I am sorry to say, for the implications it might have, the writers it may pertain to, that Authenticity is Effort of the very first, most earnest kind. It is not enough to maintain a "writing schedule." Even if that is every day. If you are sitting down at your computer, typing, hoping, taping some idea together, one arcane name for a hero, a fictional world you have not put your semen into, then you are not establishing any sort of realm that could gain an inch towards the "beyond." You are recording a set of pithy, worldly letters that agonises anyone who reads them. That is why you are not captured by the thing either. Because they are no more than words on a page. I suppose the reason I belabour this point, and harshly, is because most creators are oblivious to the degree of Effort that is required to obtain that most Authentic quality—even talented ones.

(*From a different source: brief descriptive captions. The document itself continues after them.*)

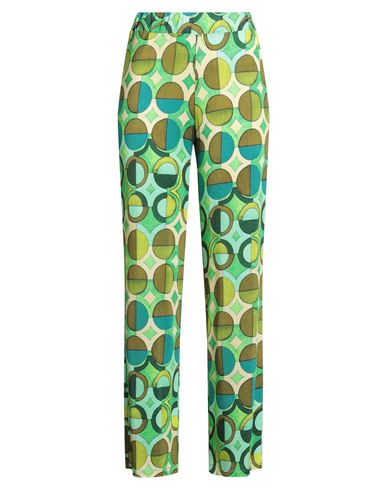 Maria Bellentani Woman Pants Green Size 8 Viscose, Elastane In Green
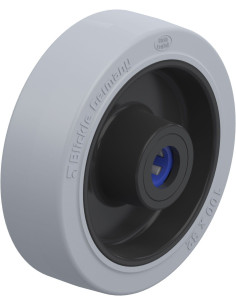 POEV 100/12XR-SG - 100 mm guminis ratas su adatiniu guoliu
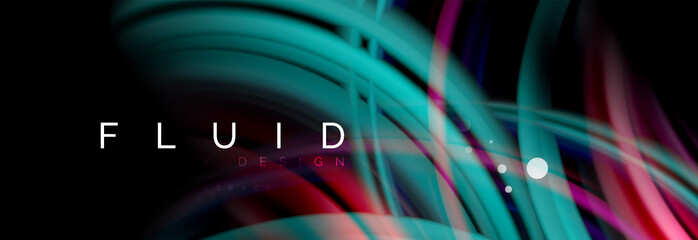 Flowing glowing color motion concept, trendy abstract layout template for business or technology presentation or web brochure cover, wallpaper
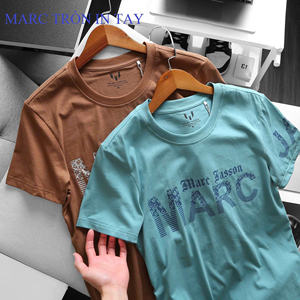 Liquidación en stock Camiseta transpirable cómoda impermeable y resistente a las manchas 72.4% algodón 27.6% poliéster camiseta - Product Image 4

Where a work lacks, it's because the creator fell short of the task, and it's usually their fault. There is, I think, something to be said for the wanting of an idea without the Willingness to get it. And the subsequent, aborted worlds that populate our store fronts. William Gaddis can be quoted a thousand times on the matter: “I think often there's a confusion—and this is not just kids in colleges but it's in writing conferences, which I've gone to three or four of—and it's less wanting to write than it is wanting terribly to be a writer. This is a fuzzy number that one has got to get through very quickly because there is a difference.” But I am not, here and now, militant towards anyone's performative instincts, or in figuring if their motives for writing are correct—we are all guilty of our truer, shallower desires—that is not exactly the problem, as I see it—only that we all have drastically underestimated the drudgery of the task of Creation, the necessary length and fatigue of our investigations, and it shows!

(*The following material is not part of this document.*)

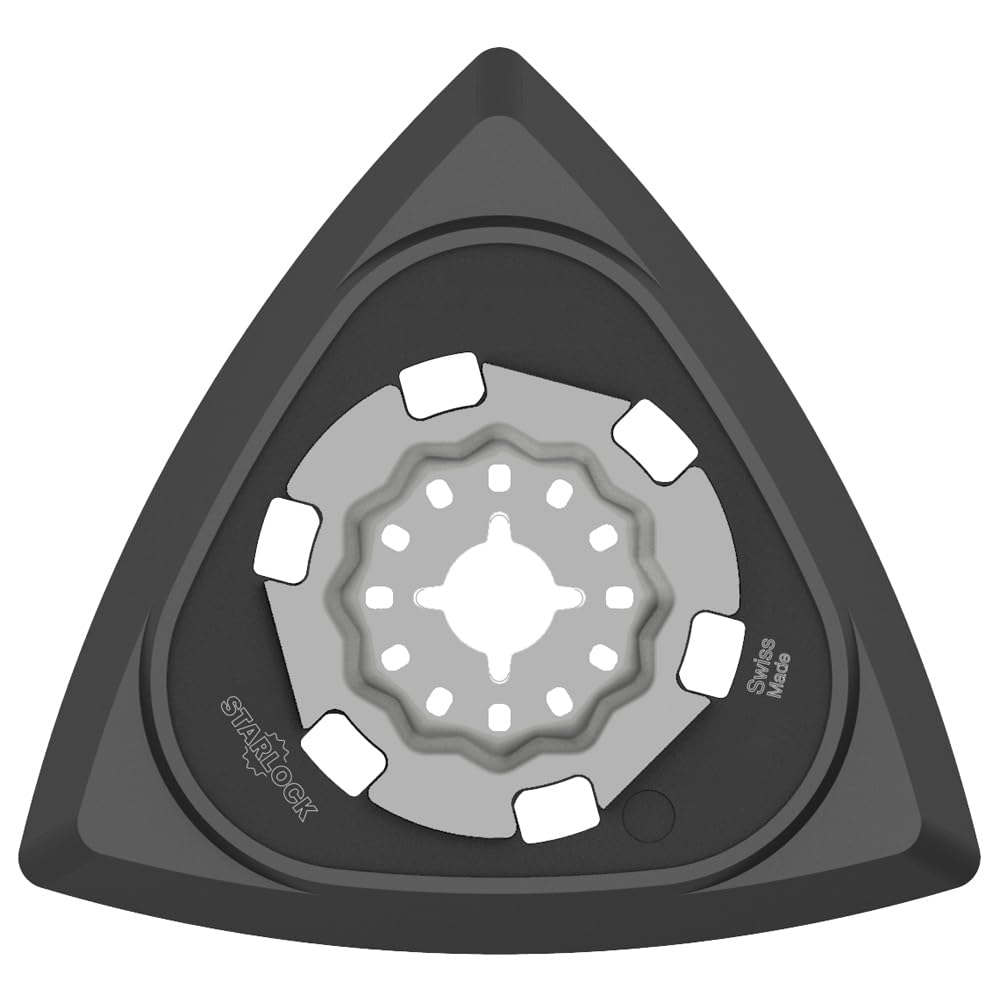 CMT omf136-x1 Perforated 93 mm Plate for Sanding, Attack Starlock, Grey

You know it when you see it. But you should know when you're failing to produce it. And that's mostly all of us who want to have our cake and to eat it too. And where our own stories fall short gives some insight into how and where others achieve their Authenticity.
P.S. I recently urged a friend of mine to edit a novella which had been rejected by various publishers, because it seemed to me that it was clearly rough around the edges, incomplete as far as its Wholeness was concerned. The man shrugged and told me he was more after an audience that was into that sort of thing. You might call it "Lo-Fi." And where its edges were rough, he could probably convince people that was the point. Well, I say this with love, but that's case in point, you doofus. Pore over that manuscript some more!

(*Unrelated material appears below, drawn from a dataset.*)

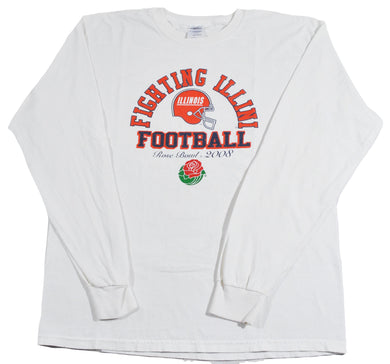 Vintage Illinois Fighting Illini Rose Bowl Shirt Size Large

OK Uncle Jack, I’ll eat my vegetables.
Great Essay. Always felt the actual people was the answer to authenticity. Star Wars without George Lucas isn't Star Wars. I might like other versions of Star Wars more, but it's not really Star Wars.
And the further you go out from the original genetics, like East vs West adapations of each others' works, the ability to be able to remake stuff in its authentic milieu really starts to break down.